Your task is to retype, exactly, the line containing "Woman in elegant" and every later line through the end of the listing, with pictures omitted.

THE DATA:
○ ○ ○ ○
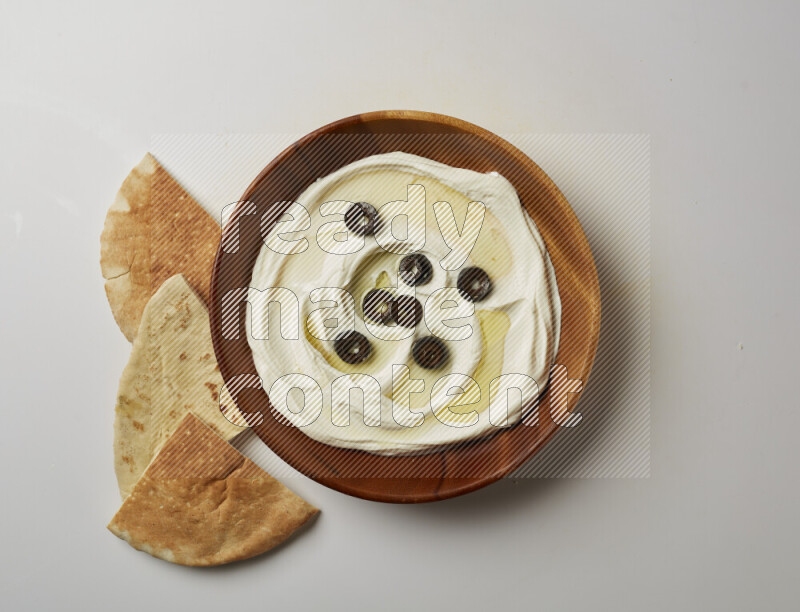 Lebnah garnished with sliced olives in a wooden plate on a white background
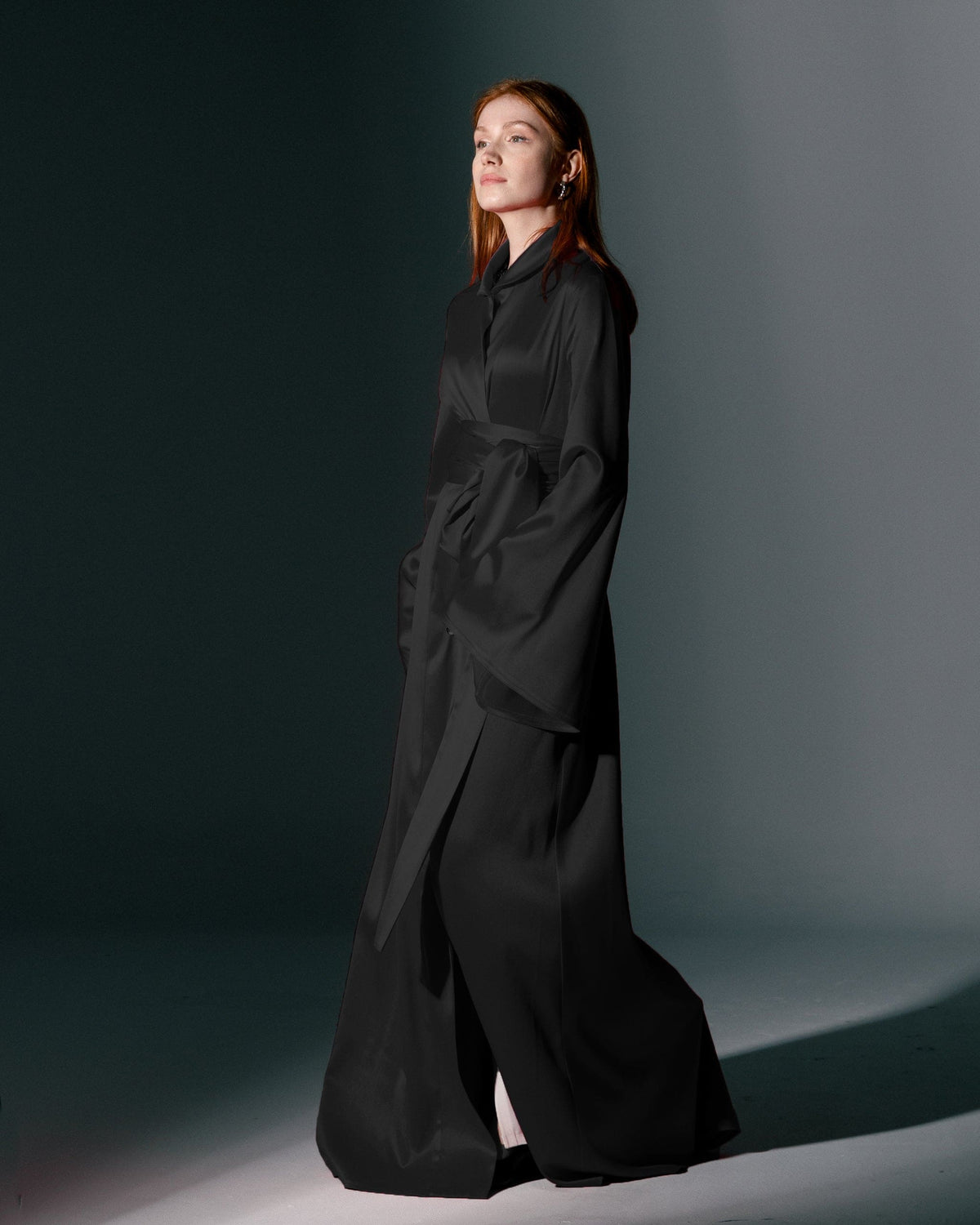Woman in elegant black long-sleeve dress with belt, standing in studio spotlight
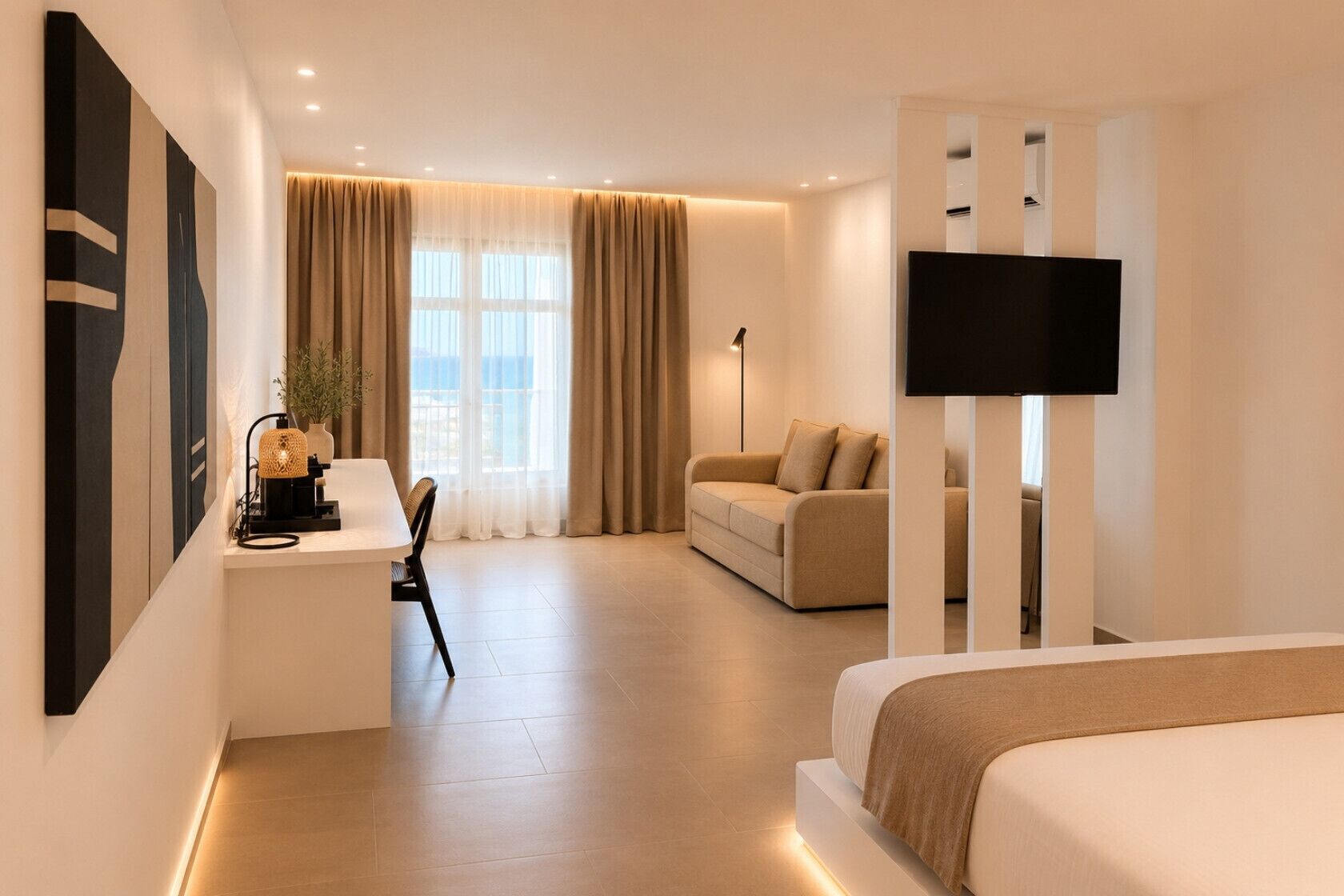 A hotel room with a bed, a sofa, a TV, a desk with a lamp, and a large window with curtains.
○ ○ ○ ○
SOLUTION:
Woman in elegant black long-sleeve dress with belt, standing in studio spotlight
 A hotel room with a bed, a sofa, a TV, a desk with a lamp, and a large window with curtains.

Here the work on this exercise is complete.